__Task to complete__: Please set down only the lines below starting with the line with "Spider-Gwen, Web-Warrior - Najeela, the" and going on through the line with "E6 1BU map - OS", verbatim and without pictures.

__Input__:
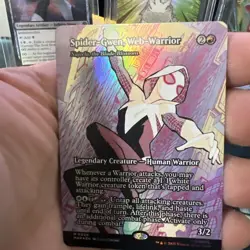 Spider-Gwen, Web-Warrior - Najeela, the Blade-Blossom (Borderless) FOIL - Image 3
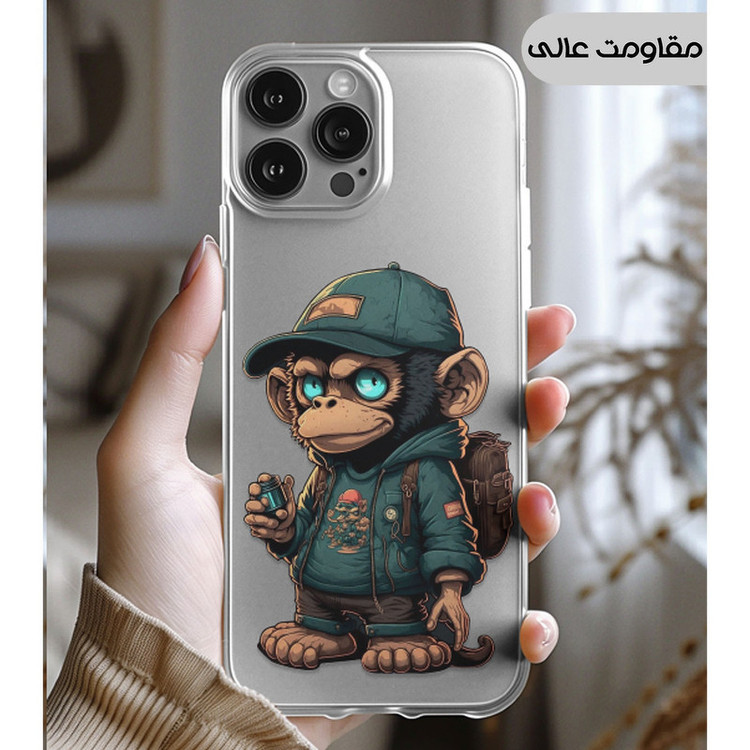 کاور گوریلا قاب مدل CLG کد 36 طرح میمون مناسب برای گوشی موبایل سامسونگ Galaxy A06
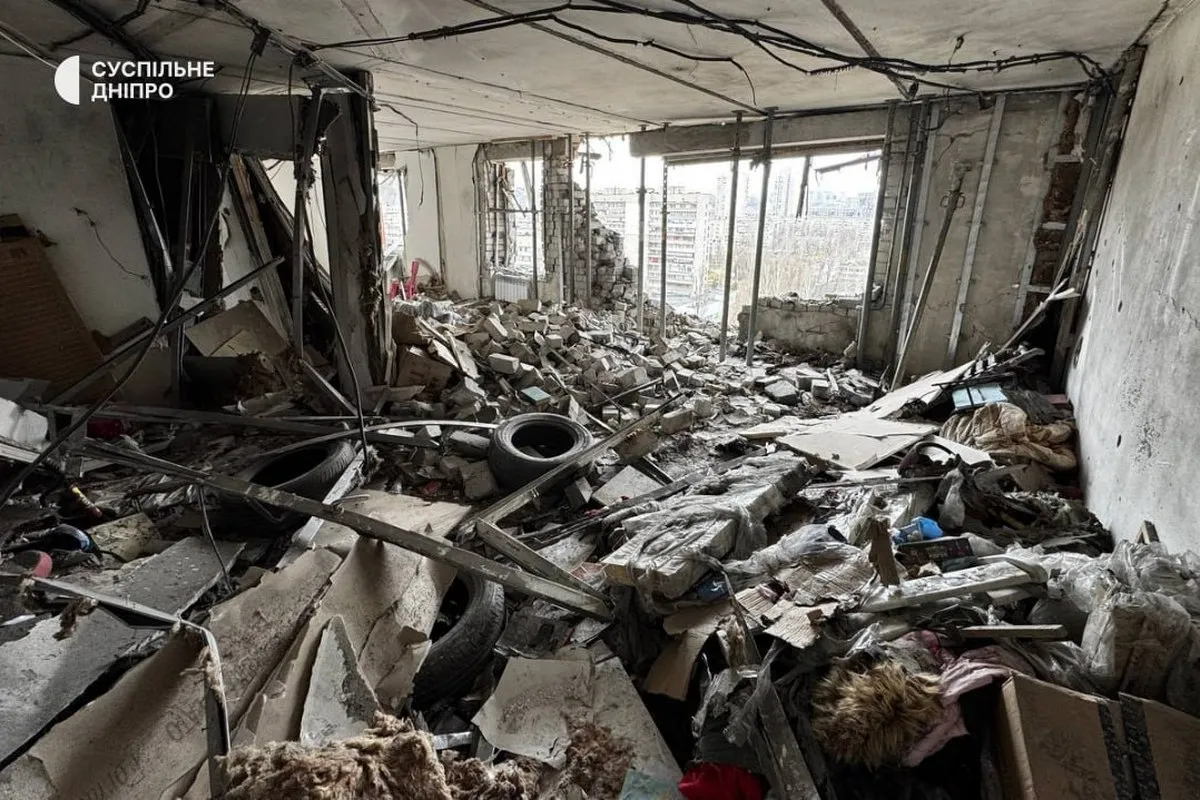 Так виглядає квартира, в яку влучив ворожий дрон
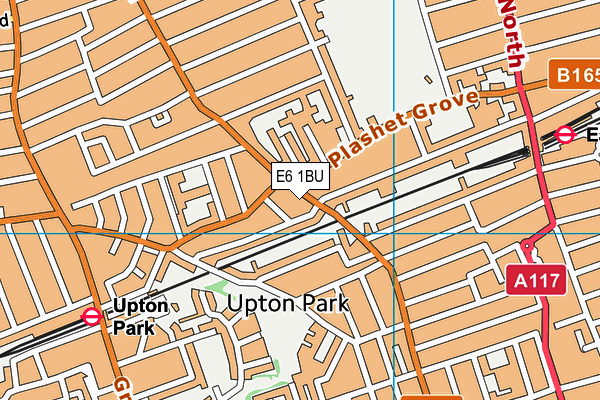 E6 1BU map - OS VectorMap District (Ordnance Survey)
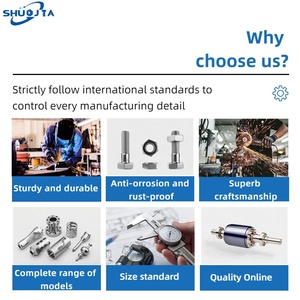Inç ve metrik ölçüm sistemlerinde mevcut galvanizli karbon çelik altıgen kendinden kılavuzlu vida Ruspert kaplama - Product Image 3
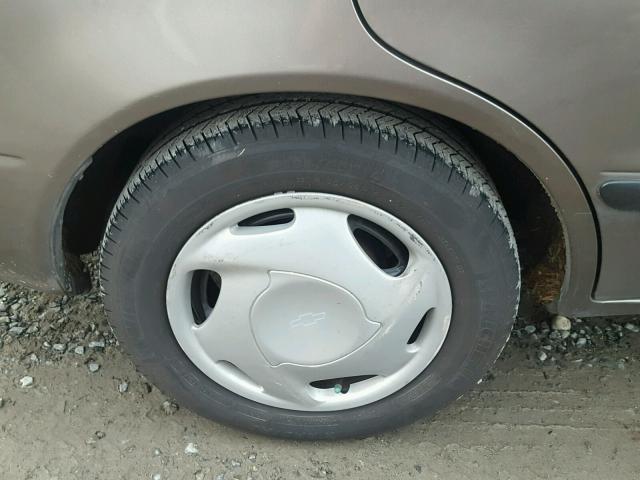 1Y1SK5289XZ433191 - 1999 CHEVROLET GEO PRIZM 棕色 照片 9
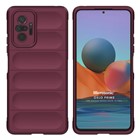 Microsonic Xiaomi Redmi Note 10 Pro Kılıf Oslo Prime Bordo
==
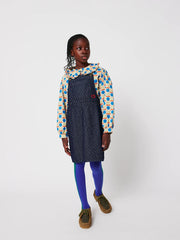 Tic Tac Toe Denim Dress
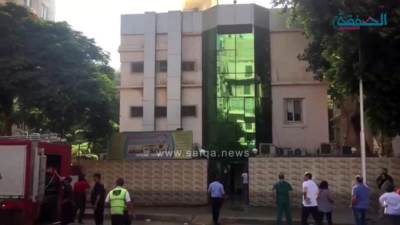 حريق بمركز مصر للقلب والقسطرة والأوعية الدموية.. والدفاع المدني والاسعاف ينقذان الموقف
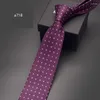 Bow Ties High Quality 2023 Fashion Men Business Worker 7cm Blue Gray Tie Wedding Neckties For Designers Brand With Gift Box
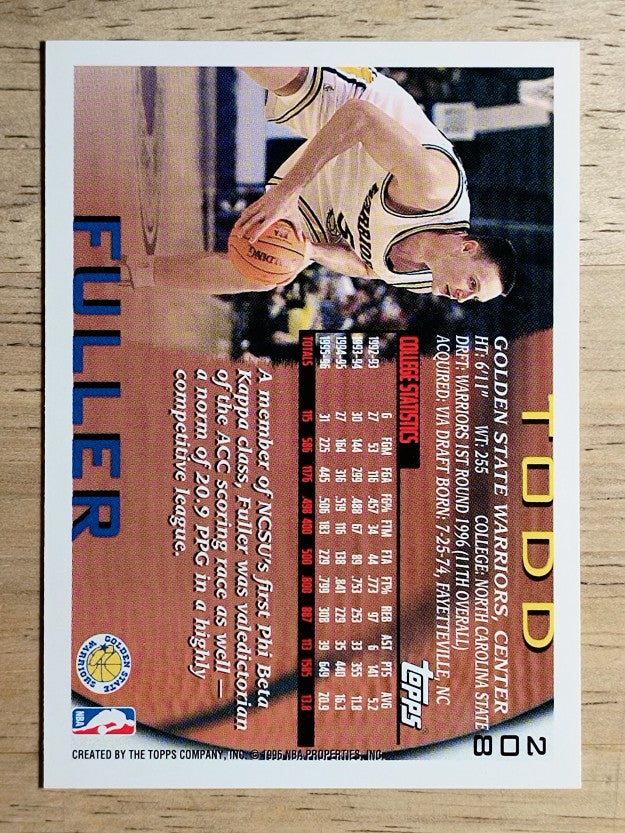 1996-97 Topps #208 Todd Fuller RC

__Expected answer__:
 Spider-Gwen, Web-Warrior - Najeela, the Blade-Blossom (Borderless) FOIL - Image 3
 کاور گوریلا قاب مدل CLG کد 36 طرح میمون مناسب برای گوشی موبایل سامسونگ Galaxy A06
 Так виглядає квартира, в яку влучив ворожий дрон
 E6 1BU map - OS VectorMap District (Ordnance Survey)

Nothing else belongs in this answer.